WFCB-LP

Ferndale, Michigan; United States;
- Broadcast area: Ferndale, North End and Royal Oak
- Frequency: 100.7 MHz

Programming
- Language: English
- Format: Community radio, local music, indie music

Ownership
- Owner: Ferndale Radio, Inc.

History
- First air date: August 4, 2017
- Call sign meaning: "Ferndale Community Broadcasting"

Technical information
- Licensing authority: FCC
- Facility ID: 194907
- Class: FL
- ERP: 100 watts
- HAAT: 81 feet (25 m)
- Transmitter coordinates: 42°27′50″N 83°07′41″W﻿ / ﻿42.46389°N 83.12806°W

Links
- Public license information: LMS
- Website: ferndaleradio.com

= WFCB-LP =

WFCB-LP (100.7 FM) is a community radio station in Ferndale, Michigan, owned by Ferndale Radio, Incorporated, formerly known as Underwood V Radio, Incorporated (pronounced "Underwood Five Radio"), having launched in 2017. Ferndale Radio was created by five friends who have a strong passion for music and missed the freedom and creative expression of college radio. The studio and tower is located in the heart of Ferndale at the Rust Belt Market. The station covers the immediate Ferndale and Royal Oak areas, as well as portions of Detroit's North End. The station is a non profit 501c 3 run completely by volunteers and supported by donations and local underwriters.
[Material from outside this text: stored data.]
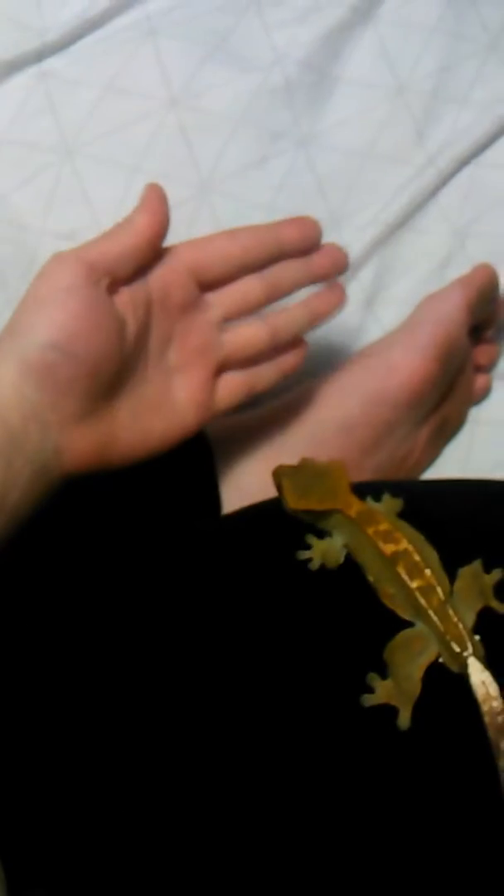Small pet update. I got a crested gecko yesterday and I named him Oliver. If anyone can tell me what morph he is, that'd be great.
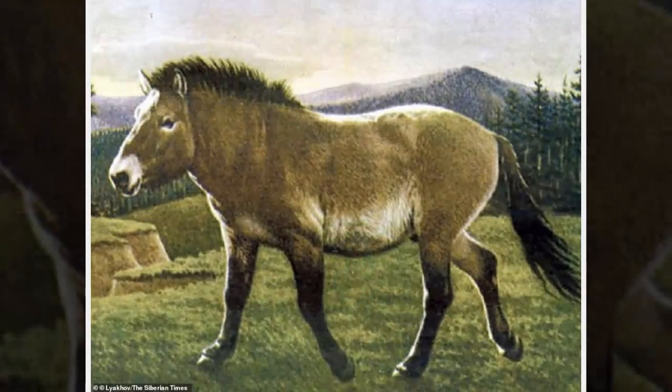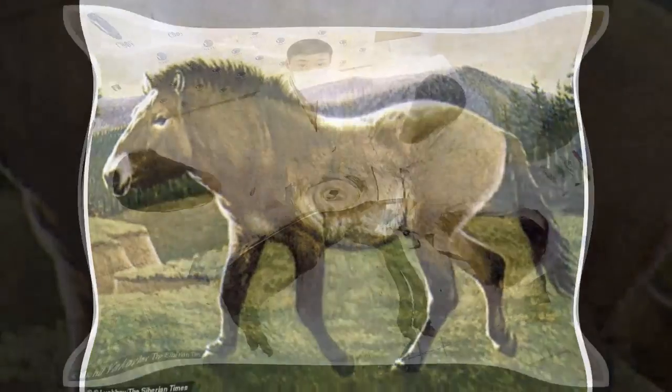The foal's hair is intact on its head, legs and part of its body. Its tail and mane are black, while the rest of the foal's body is bay. Having preserved hair is another scientific sensation, as all previous ancient horses were found without hair.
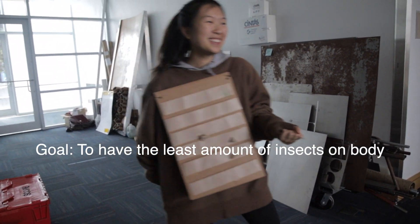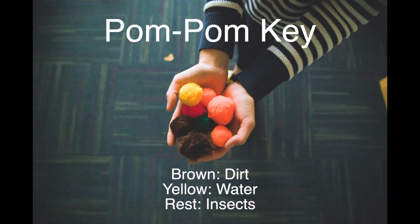Everybody look left. Everybody look right. Everywhere you look, I'm...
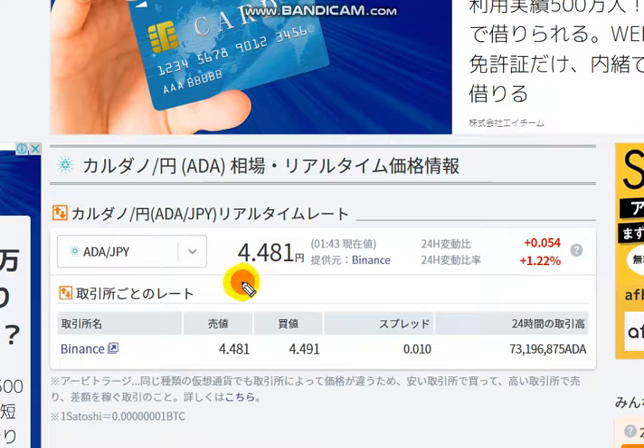Let's take a look. It's 4.48 yen at Binance Exchange, a little bit higher than yesterday. Transaction volume is a little bit small at 73 million.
The station's application was confirmed as acceptable by Industry Canada for coordination purposes under NARBA, on July 25, 2014, and its construction permit was granted on August 7, 2014. Due to its proximity and frequency, the station is subject to interference from nearby CKUE-FM-1 in Windsor, Ontario, which broadcasts at a substantially higher power (3.84 kW) from a tower very close to the Canada–United States border.

In 2020 and 2021, the station started raising funds for online streaming. Ferndale Project, a local brewery in Ferndale, brewed a Ferndale Radio beer and part of the proceeds were donated to their streaming efforts. Ferndale Radio started streaming in 2022.